Nous, sociaux-démocrates, républicains, sommes déterminés à relever le drapeau de la gauche responsable. Nous sommes les héritiers d’une longue histoire de luttes sociales et de réformes de justice qui est celle du socialisme français. Nous refusons, quoi qu’il arrive dans cette campagne difficile, de voir cette gauche s’effacer de la scène politique nationale.
Cette réunion n’est pas une réunion secrète, mais ce n’est pas une réunion publique. Elle n’est pas liée à la campagne en cours. Nous parlons ici de nos perspectives à moyen terme, c’est-à-dire du renouveau nécessaire de la social-démocratie en France, quel que soit le résultat de l’élection présidentielle.
C’est pourquoi nous élaborons ensemble ce manifeste de la gauche d’action.
Nous sommes sûrs que les défis de l’avenir imposent une politique fondée sur la justice et sur la maîtrise collective du destin national. Cela passe par la mise en oeuvre d’un projet audacieux et crédible, loin des incantations d’une radicalité agressive. Pour nous, seule une gauche responsable, consciente des contraintes du gouvernement, peut transformer le pays.
Je l’ai pour l’instant formulé sous la forme de douze thèses, qui seront nécessairement générales, et non-exhaustives. Ces thèses traduisent de manière résumée les réflexions et les propositions contenues dans les textes de Debout les socialistes, de Nouvelle Société et de la plate-forme des Engagé.e.s. Je le répète, notre projet évoluera en fonction de nos débats.
1. DEUX THÈSES DE PRINCIPE
Première thèse : notre ambition est et reste de maîtriser l’économie pour la mettre au service de l’humain. C’est le but permanent de la social-démocratie. Paradoxalement, alors même que la gauche sociale-démocrate est en difficulté, la crise sanitaire vient conforter nos conceptions : dans la plupart des pays, la lutte contre la pandémie a démontré l’importance cruciale de l’intervention publique et de la mobilisation de la société civile et civique.
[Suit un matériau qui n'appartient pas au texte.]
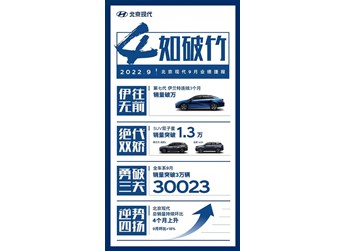 現(xiàn)代全新途勝L 新聞封面圖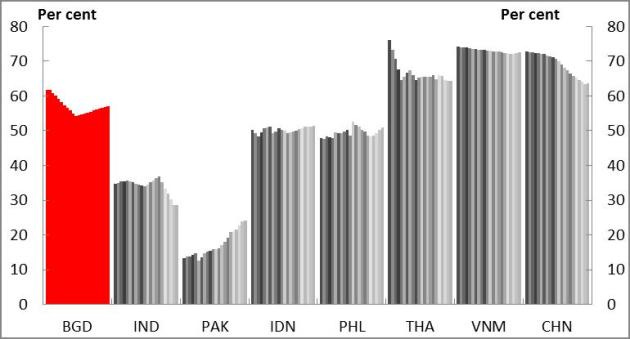 Chart 3: Female labour force participation in selected Asian countries (1990-2011).Source: World Bank World Development Indicator.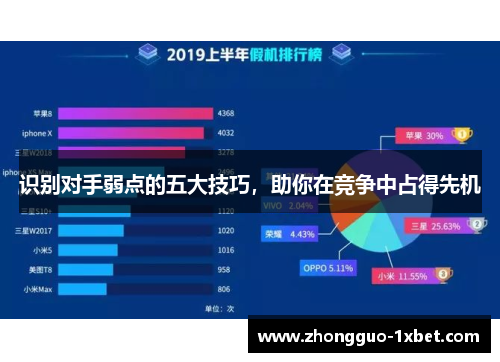 识别对手弱点的五大技巧，助你在竞争中占得先机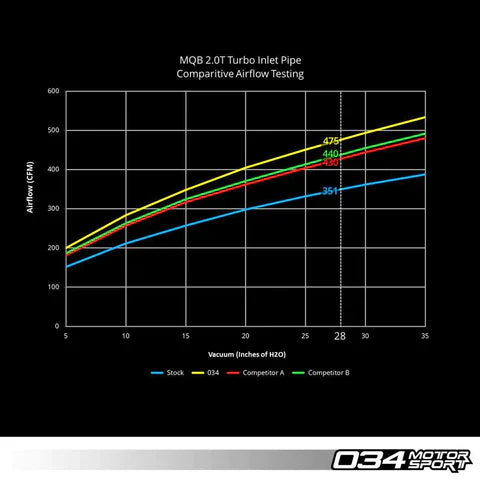 034 Motorsport - Turbo Inlet Elbow - Volkswagen Golf MK7 GTI/R & Audi 8V S3/TT/TTS - 034-108-5011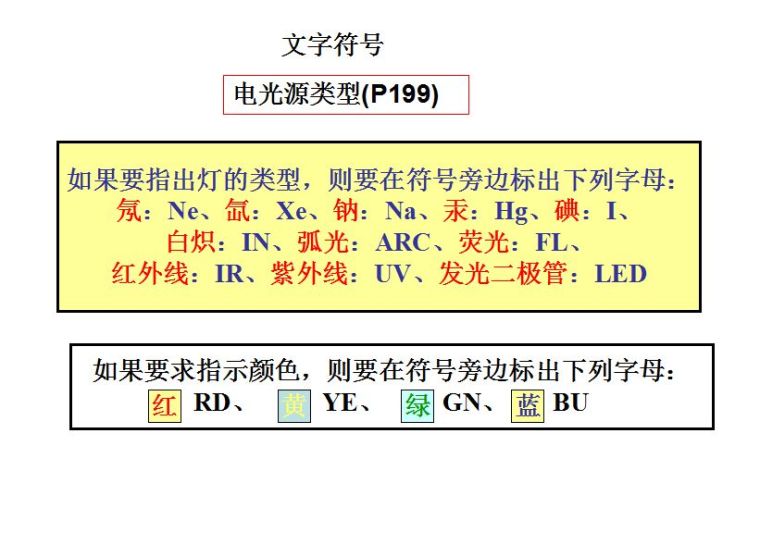 超经典！供电系统电气图识读_63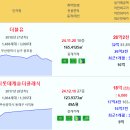 부산 주간 실거래 더블유 26.2억 사직롯데캐슬더클래식 18억 사직자이 테넌바움294 삼익비치 래미안장전 더비치푸르지오써밋 해운대두산위 이미지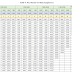 Step by Step guide to calculate salary after seventh pay commission 7cpc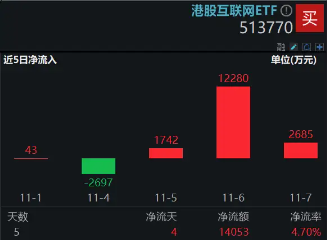 利好来了！隔夜美联储再降25个基点，港股互联网ETF（513770）大涨3．65%，规模续创上市新高！-第2张图片-厦门装修网 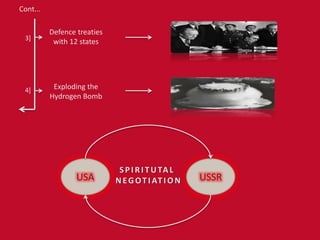 Cont...
3]
Defence treaties
with 12 states
4] Exploding the
Hydrogen Bomb
USSRUSA
SPI RI TUTAL
NEGOT I AT I ON
 
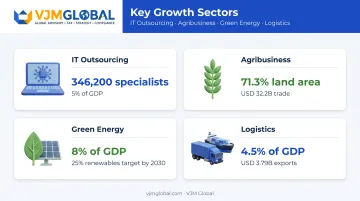 Four key sectors for Indian investment opportunities in Ukraine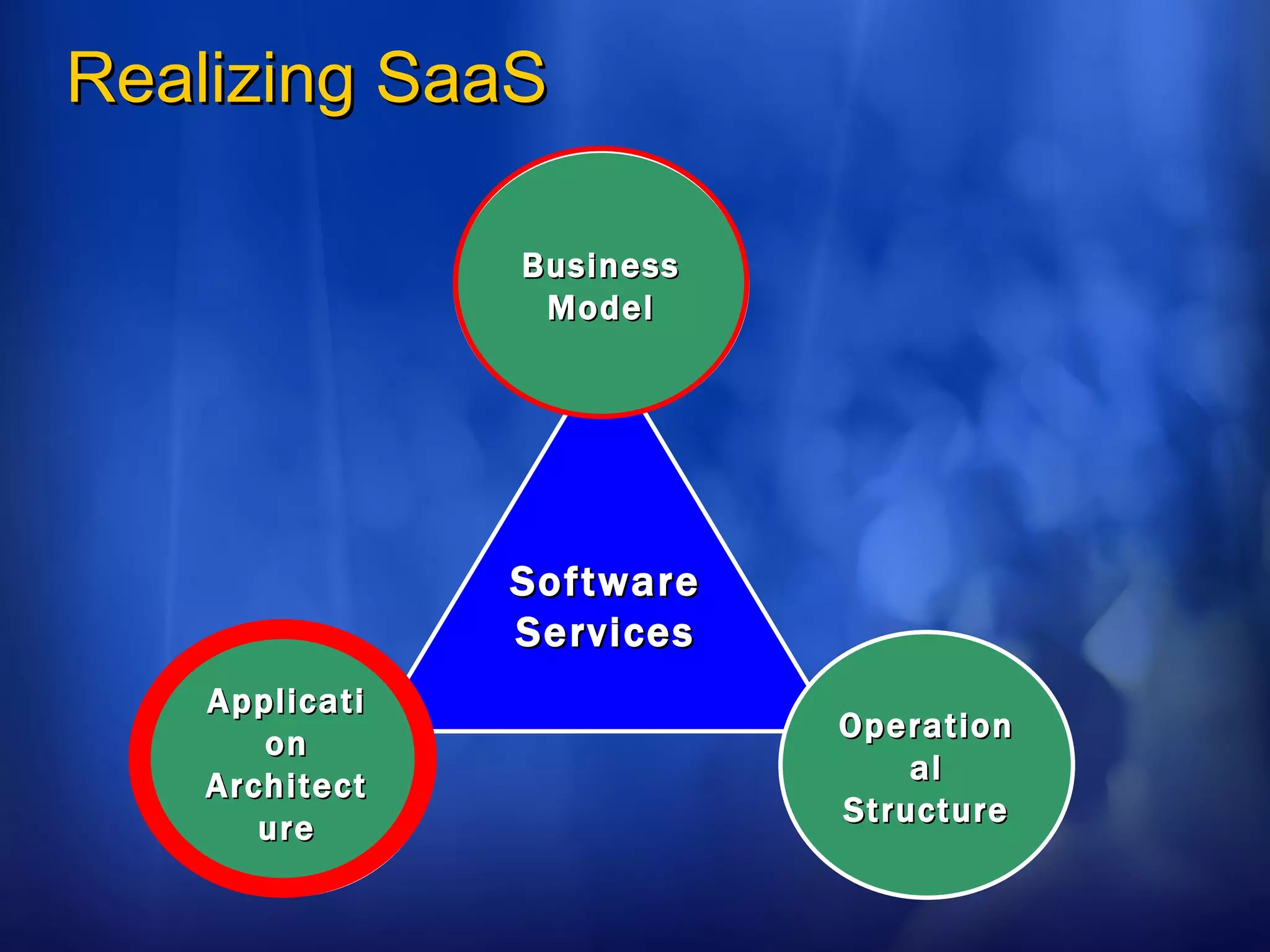Realizing SaaS Software Services Business Model Application Architecture Operational Structure 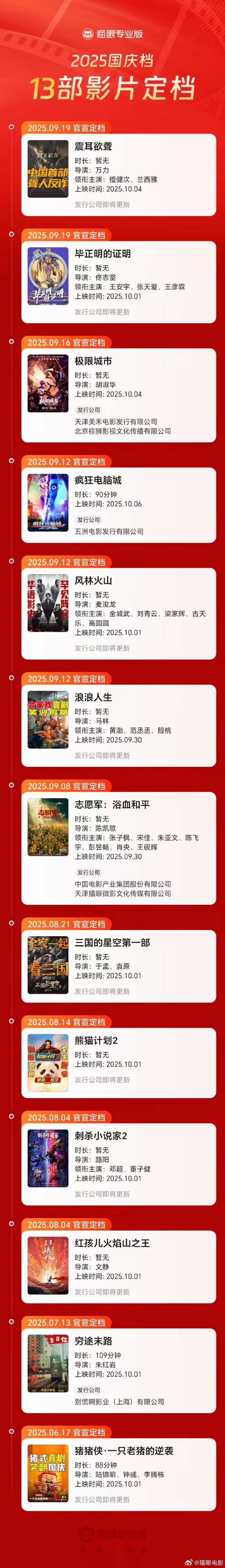 影片类型多样，满足不同口味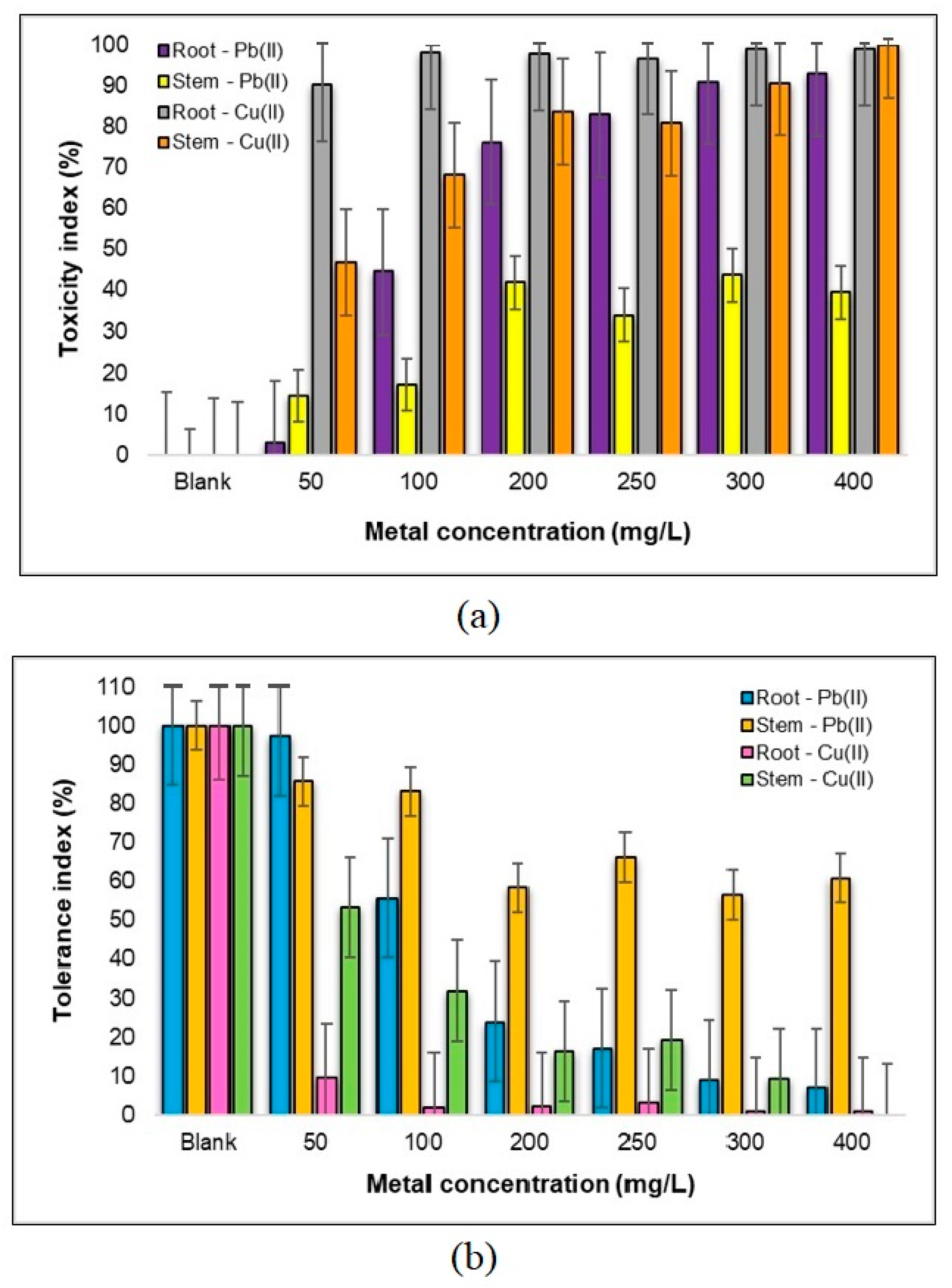Plants 12 03754 g010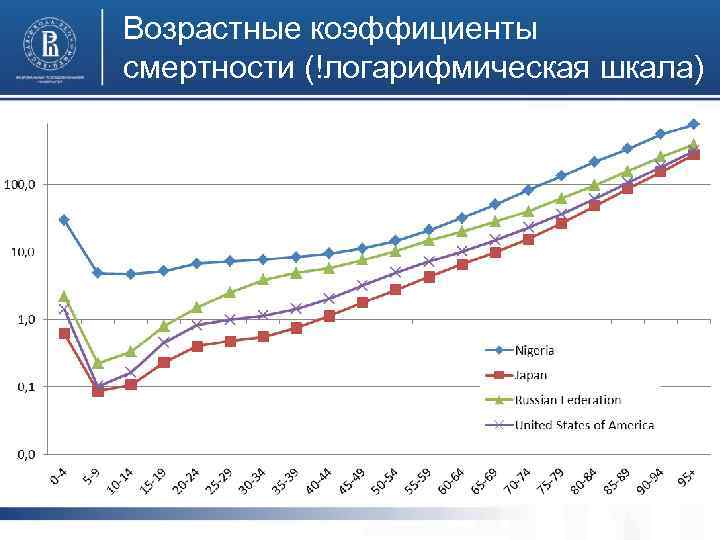 Возрастные коэффициенты смертности (!логарифмическая шкала)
Il s’agit bien sûr de la politique de santé, avec les épreuves imposées à notre système sanitaire.
Mais aussi de l’économie, qui n’aurait pas surmonté cette crise sans l’action financière et d’orientation menée par les États. Cette réalité évidente est une réfutation spectaculaire du laissez-faire libéral qui a dominé la période antérieure.
Cela montre bien que, quelle que soit son efficacité économique, le capitalisme laissé à lui-même engendre injustice sociale et prédation de la nature. Faute de l’avoir combattu, le quinquennat Macron, inspiré d’un libéralisme hors d’âge, nous laisse en héritage une classe moyenne désemparée, des classes populaires souvent plongées dans l’amertume et la révolte, un retard inquiétant dans la lutte contre le dérèglement climatique, 6 millions de chômeurs malgré la reprise en cours, 11 millions de pauvres et 300 000 sans-abris.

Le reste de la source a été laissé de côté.